DIGITAL LIBRARY
RESEARCH EXPERIENCE OF MASTER’S STUDENTS FOR MODELING HAZARD MANAGEMENT SYSTEMS
University Politehnica of Bucharest (ROMANIA)
About this paper:
Appears in: INTED2017 Proceedings
Publication year: 2017
Pages: 8865-8870
ISBN: 978-84-617-8491-2
ISSN: 2340-1079
doi: 10.21125/inted.2017.2094
Conference name: 11th International Technology, Education and Development Conference
Dates: 6-8 March, 2017
Location: Valencia, Spain
Abstract:
Universities often introduce a research component with its own credit points into master’s degree programs, but this is generally performed separately from the courses. However, blending learning with other creative activities, directly related to the taught subjects, may stimulate students to study and to share their findings with colleagues. This paper presents an approach adopted within a course of Model Driven Engineering, in the Systems Engineering domain of study.

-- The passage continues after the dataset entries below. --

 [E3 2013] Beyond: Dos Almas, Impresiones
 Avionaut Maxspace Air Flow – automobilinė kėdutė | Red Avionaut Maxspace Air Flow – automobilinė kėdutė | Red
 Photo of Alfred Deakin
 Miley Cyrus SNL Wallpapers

Some of the traditional lecture / application classes were replaced with research activities, having the specific objectives of identifying a new modelling language and of generating a dedicated editor. The purpose is the formal characterization and the graphical representation of systems developed for a given application domain. Throughout the time, we considered domains like: sensor networks, measuring systems, hazard management systems etc. The general objectives, irrespective of the chosen domain, were to:
(i) get students involved in the study of real-life systems,
(ii) force the capability of abstraction, by identifying the recurrent concepts within a set of examples,
(iii) make them defend their case studies in front of their classmates,
(iv) contribute with ideas in the creation of a new modelling language and
(v) collaborate for specifying a formal definition that supports the generation of a new modelling editor.

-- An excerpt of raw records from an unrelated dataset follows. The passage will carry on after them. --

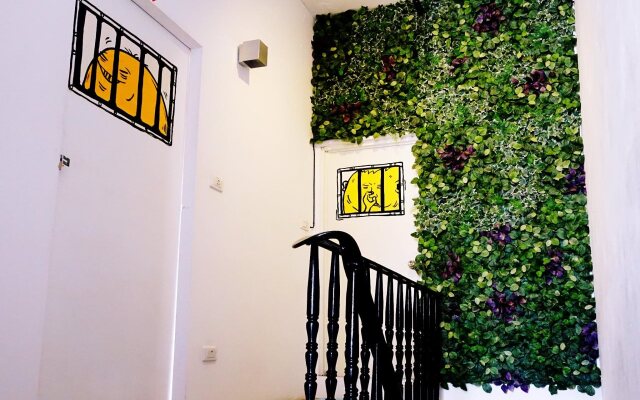Taitung Dulan Jail House Hostel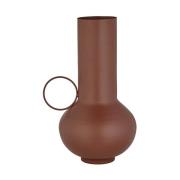 blomus Loha maljakko 33 cm Brandy Brown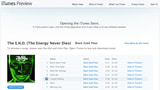 Apple Enables Web-Based iTunes Song Previews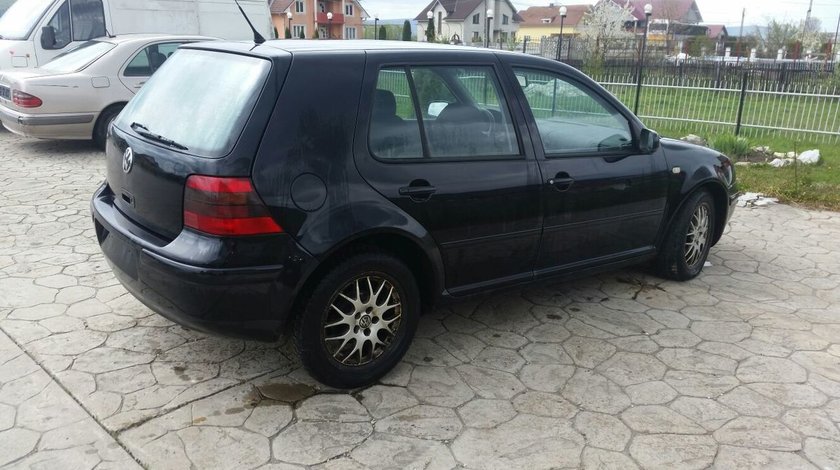 VW Golf tdi 2001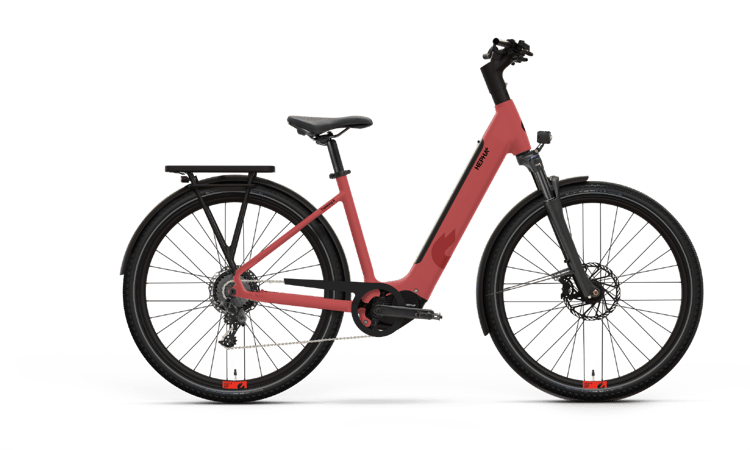 HEPHA Trekking 8 Performance E-Trekkingbikes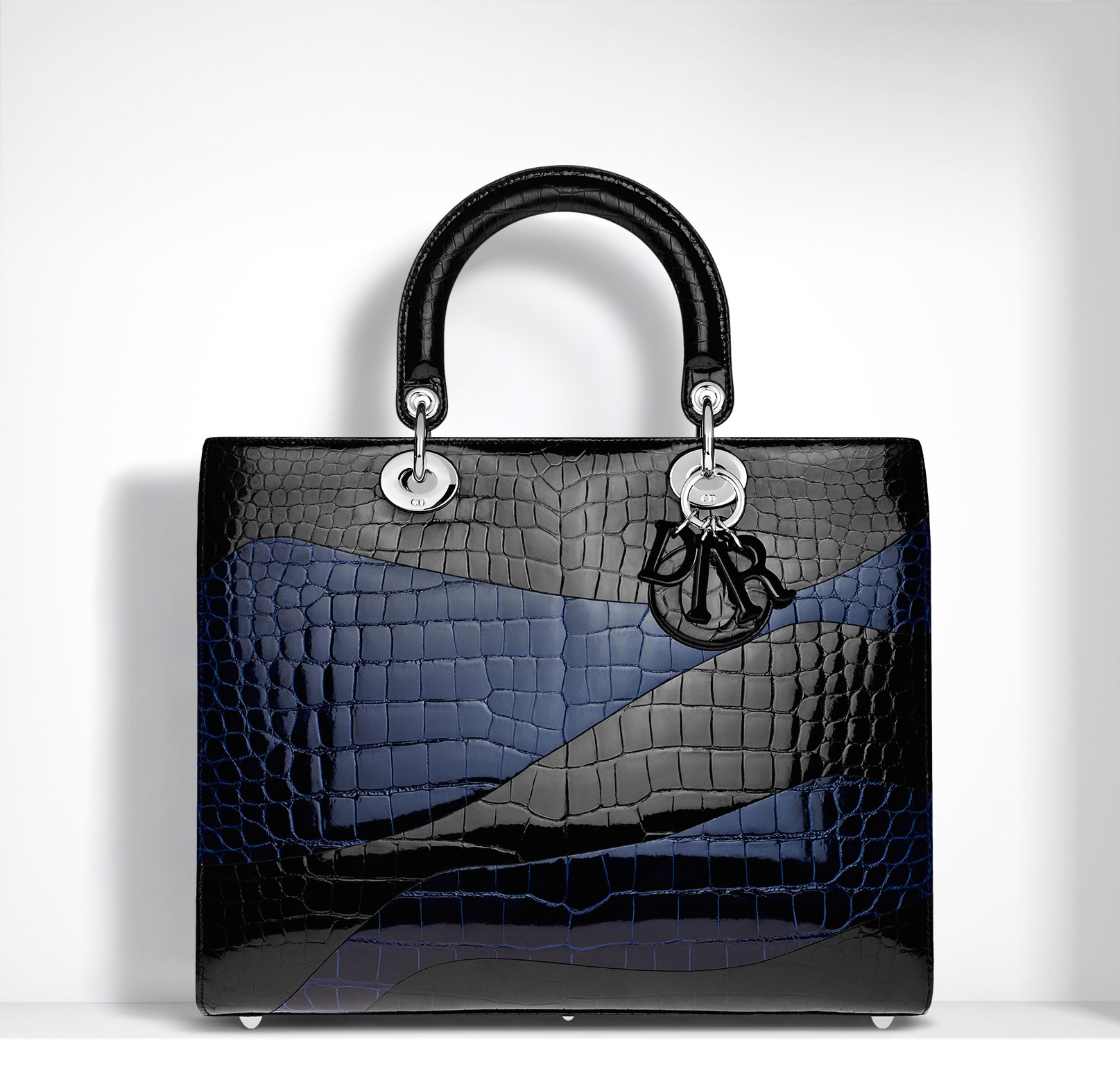 Luxury Bags 101 Lady Dior Bag Sizes  Clever Girl Finance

The paper gives a concrete example about the application of this approach to hazard management systems, inspired from the experience acquired from the research activity of 70 master's students, organized in three working groups. The systems modeled with the newly created language are related to multiple types of hazards. The students studied early warning and alert systems for: fire detection in an urban environment or in a forest, oil spills, floods, tsunami, landslides induced by heavy rainfalls, volcano, tornado, earthquakes, cyclones etc. Due to the large variety of these phenomena, it is difficult to define a common language that is specific to the hazard management domain, yet capable to distinguish the particularities and the differences between the existing systems.

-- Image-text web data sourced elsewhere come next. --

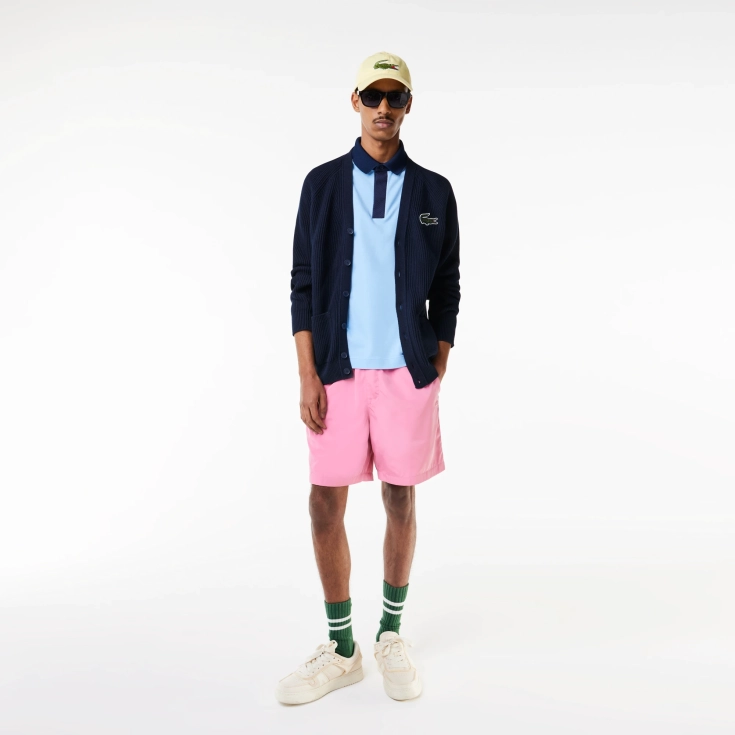 Мужское поло Lacoste Regular Fit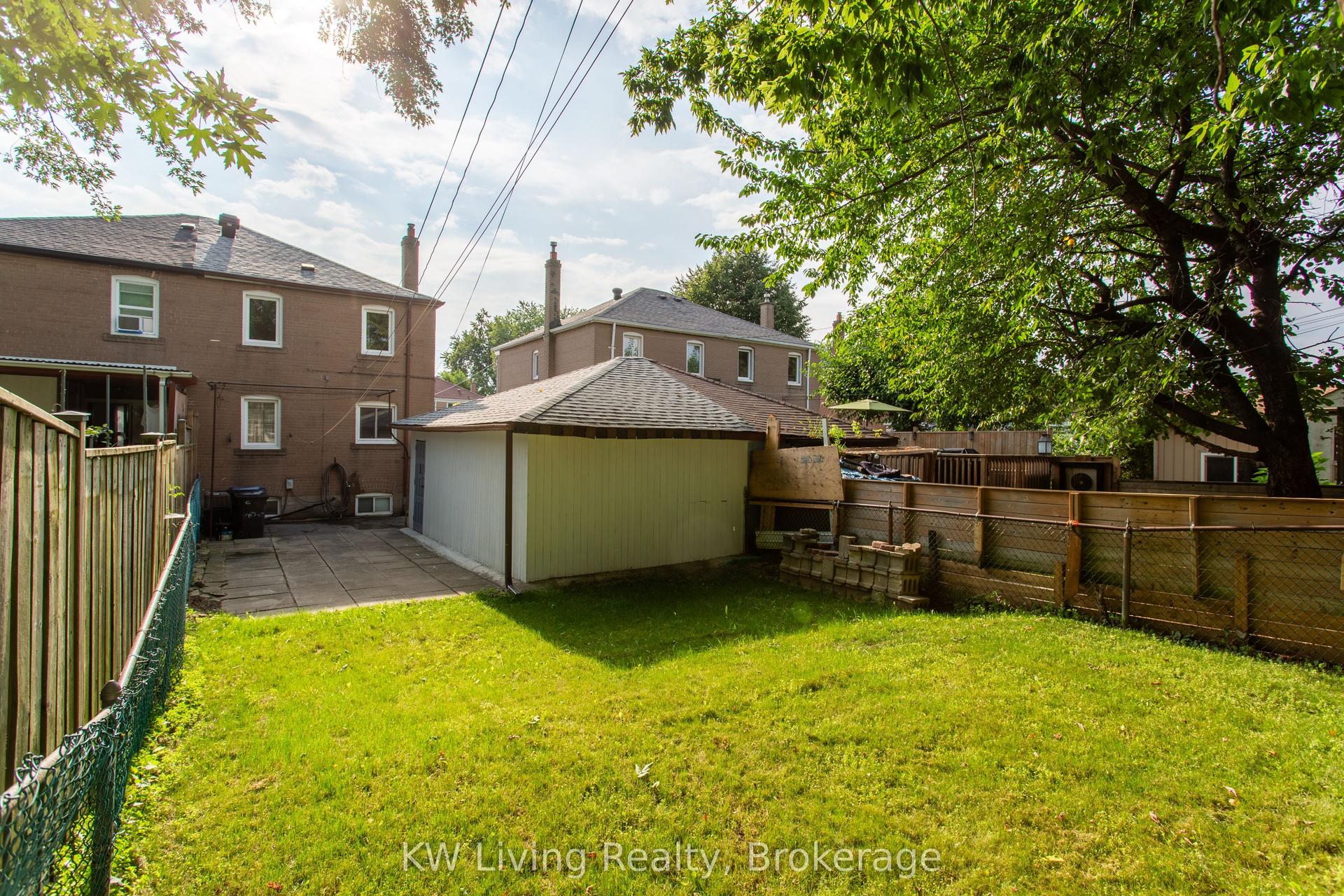 9 Rupert Street, Toronto — Semi-Detached for sale, photo 1
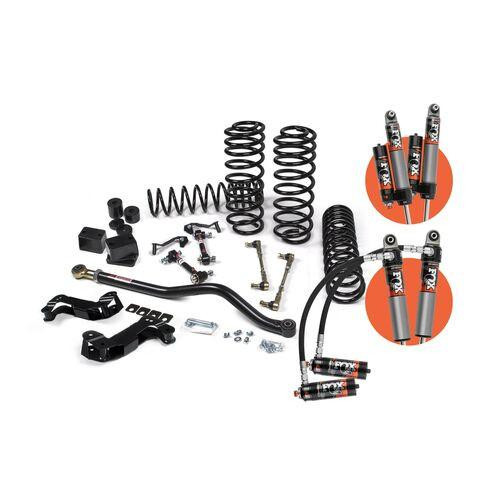 JKS Manufacturing J-Kontrol 3.5" Lift Kit JSPEC134KFP 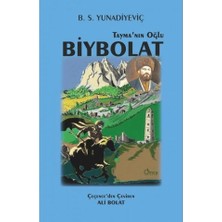 Omca Yayınları Tayma'nın Oğlu Biybolat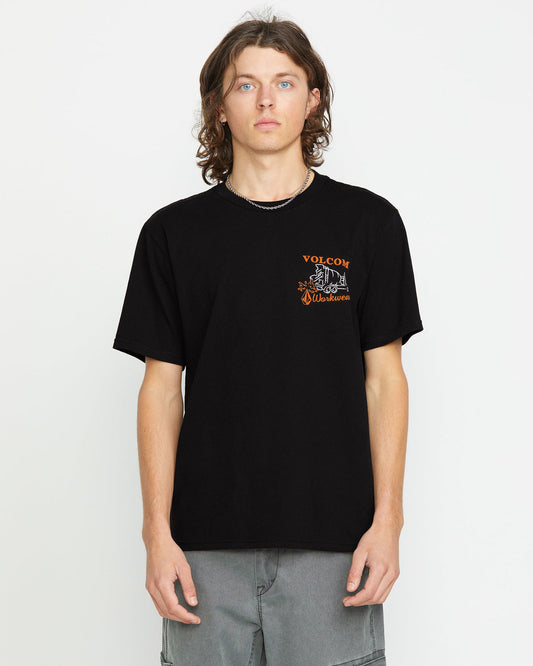 Men's Pour Choices Short Sleeve Tee | Volcom Quality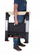 Mbajtëse pune Keter Lumberjack 257188, rregullim lartësie, këmbë metalike, gri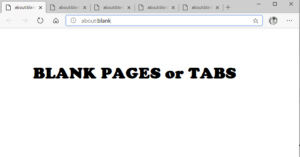 How to open a Blank Tab or Page when you launch Edge browser Open-Multiple-Blank-Pages-on-Edge-300x157.png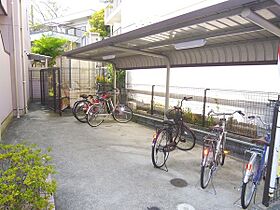 ヴィラ甲東園  ｜ 兵庫県西宮市甲東園2丁目（賃貸マンション1K・3階・24.00㎡） その12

The method adopted is a combination of individual and team work, and the resulted tools are mostly driven by the students’ findings. After the application domain was chosen, there is a lecture that briefly presents the theoretical background. Afterwards, the students have to study a real-life system, chosen from a large set of examples. They use publicly available documentation, like scientific papers, standard specifications, project deliverables etc., and they have to represent a conceptual diagram, containing classes and relationships, with a general modelling language. After that, there are two collaborative sessions; the former consists of presentations of the individual studies in front of the entire class, so each student finds out all the examples studied by his or her colleagues; the latter is dedicated to the analysis of the entire set of conceptual diagrams, with the aim of deducing abstract concepts and relationships that are general enough for characterizing any of those systems. Based on this, students represent the abstract syntax of a new modelling language with Generic Modeling Environment and they generate a correspondent editor, further used by each student for representing the system chosen for the individual case study.
Keywords:
Model Driven Engineering, Research in Education, Hazard Management.